Note, none of those are exhaustive...

blacklion · on March 22, 2022

"arch", "sys" and "eabi" are irrelevant to the core performance. You can not run "arm" on "i386" at all, and "eabi" and "sys" don't affect command scheduling, u-ops fusing and other hardware "magic".

So, only "sub" is somewhat relevant and it is exactly what RISC-V should avoid, IMHO, and it doesn't with its reliance on things like u-op fusion (and not ISA itself) to achieve high-performance.

For example, performance on modern x86_64 doesn't gain a lot if code is compiled for "-march=skylake" instead of "-march=generic" (I remember times, when re-compiling for "i686" instead of "i386" had provided +10% of performance!).

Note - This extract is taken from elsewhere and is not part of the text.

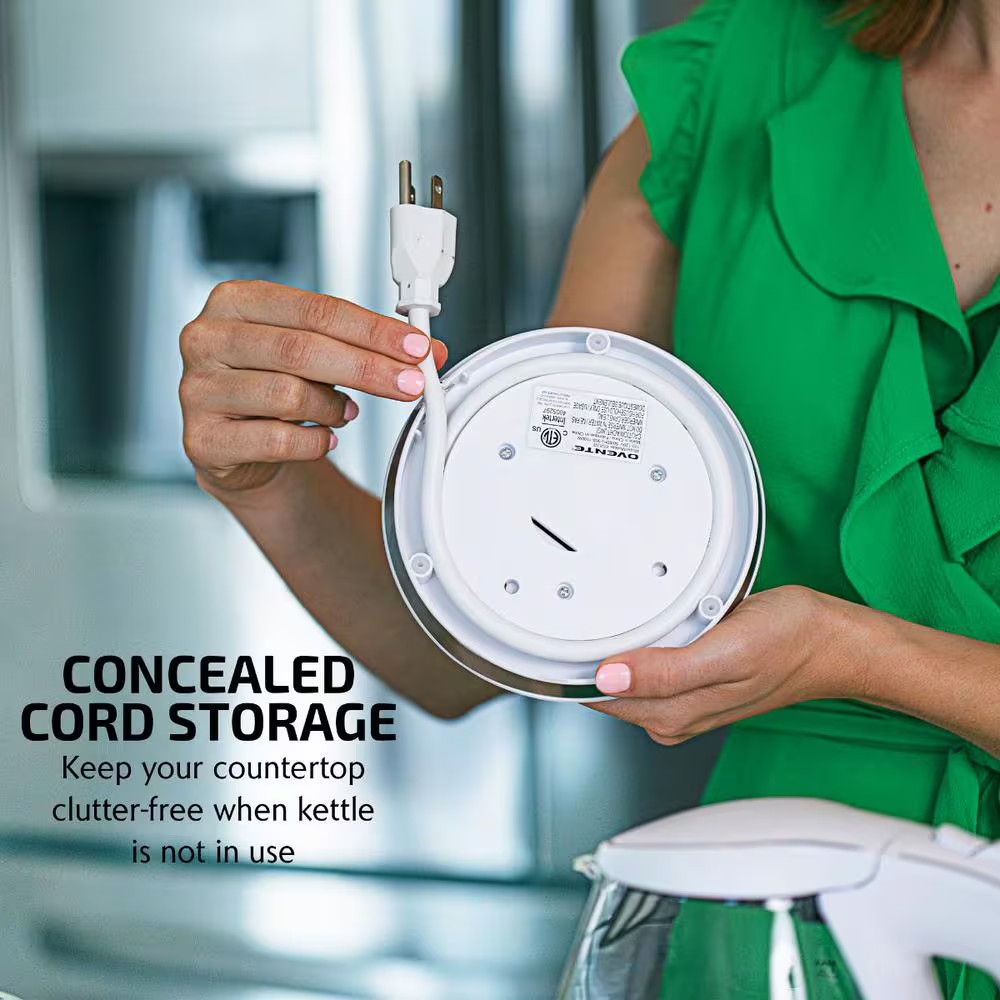 Illuminated 6.5-Cup White Electric Kettle with Filter, Fast Heating and Auto-Shu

If RISC-V performance is based on u-op fusing (and it is what RISC-V proponents says every time when RISC-V ISA is criticized for performance bottlenecks, like absence of conditional move or integer overflow detection) we will have situation, when "sub" becomes very important again.

It is Ok for embedded use of CPU, as embedded CPU and firmware are tightly-coupled anyway, but it is very bad for generic usage CPU. Which "sub" should be used by Debian build cluster? And why?

Edit: for grammar & typos

ncmncm · on March 21, 2022

It is always frustrating when you have put in the work to optimize code, and turn out to have pessimized it for the next chip over.

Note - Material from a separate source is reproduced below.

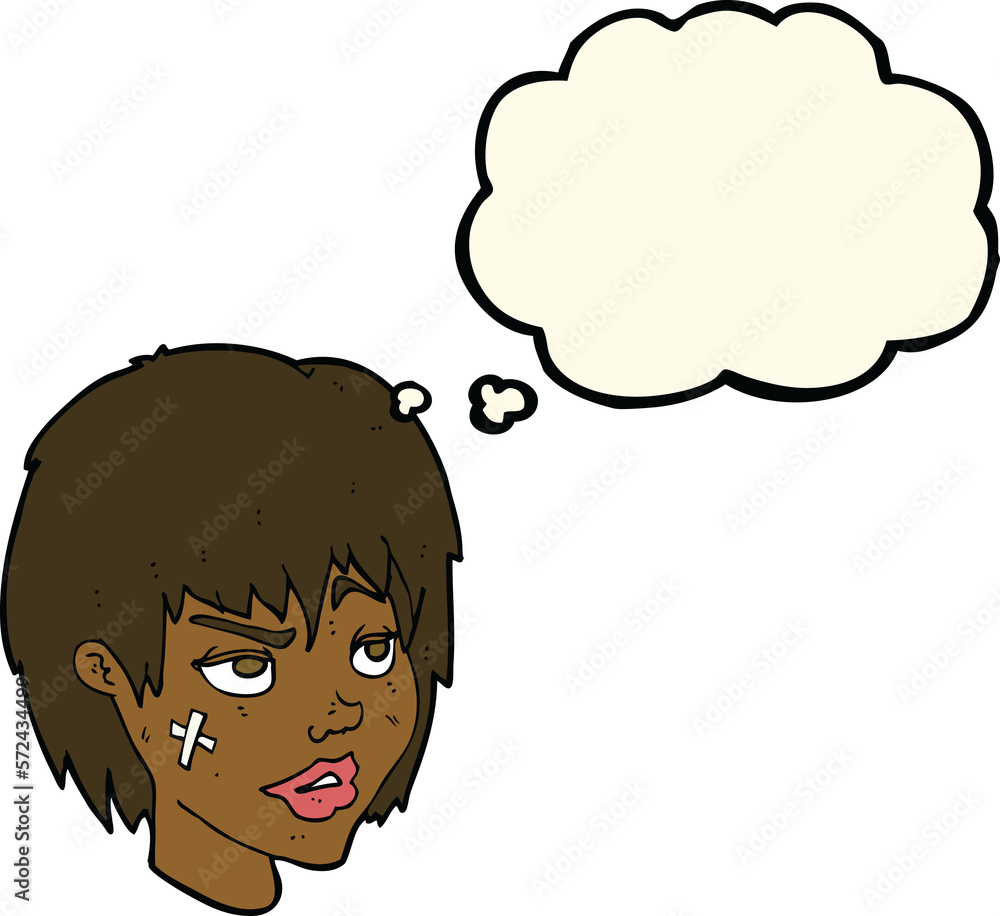 cartoon woman with plaster on face with thought bubble cartoon woman with plaster on face with thought bubble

The extremum for this is getting a 10x performance boost by using, e.g., POPCNT, and suffering instead a 10-100x pessimization because POPCNT is trapped and emulated.

indolering · on March 22, 2022

Isn't the point of the RISC-V extension mechanism is to eliminate instruction emulation?

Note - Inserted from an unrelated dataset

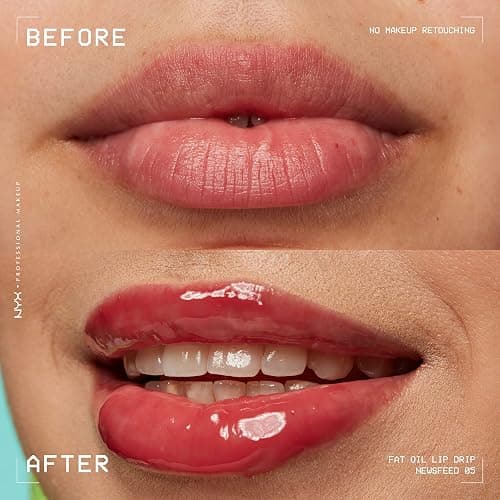 NYX PROFESSIONAL MAKEUP Fat Oil Lip Drip, Moisturizing Lip Oil Gloss, Vegan Tinted Formula, Up to 12 HR Hydration - Newsfeed (Rose Nude) - 05 Newsfeed - 0.16 Fl Oz (Pack of 1) thumbnail 7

ncmncm · on March 22, 2022

I'm not sure "the point" is a well-defined term in this context.

Are you guessing that the extension is optional specifically so that nobody will need to emulate things they can't afford to implement in hardware?

But trapping and emulating is explicitly allowed. Maybe it should be possible to ask at runtime whether an extension is emulated. Maybe it is? But I have not seen any way to tell. I guess a program could run it a thousand times and see how long it takes... It would be a serious nuisance to need to do that for each optimization, and then provide alternate implementations of algorithms that don't depend on the missing features.

This is why leaving popcount out of the core instruction set is such a nuisance. It is cheap in hardware, and very slow to emulate.

On organically-evolved ISAs, there are about N variants that correspond to releases. You can decide what is the oldest variant M you want to support, and use anything that is implemented in targets >=M; and the number of <M machines declines more or less exponentially with time.

With RISC-V, there are instead N=2^V variants, at all times, increasing exponentially with time. You too frequently don't know if your program might need to run on one that lacks feature X. So you (1) arbitrarily fail on an unknown fraction of targets, (2) fail on some and run badly on some others, with instructions you relied on for optimization instead emulated very slowly, (3) run non-optimally on all targets, or (4) have variant versions of (parts of) your program configured to substitute at runtime, for each of K features that might be missing. None of these choices is tenable.

The notion of "profiles" appears meant to reduce the load of this problem, but that makes it even more complicated.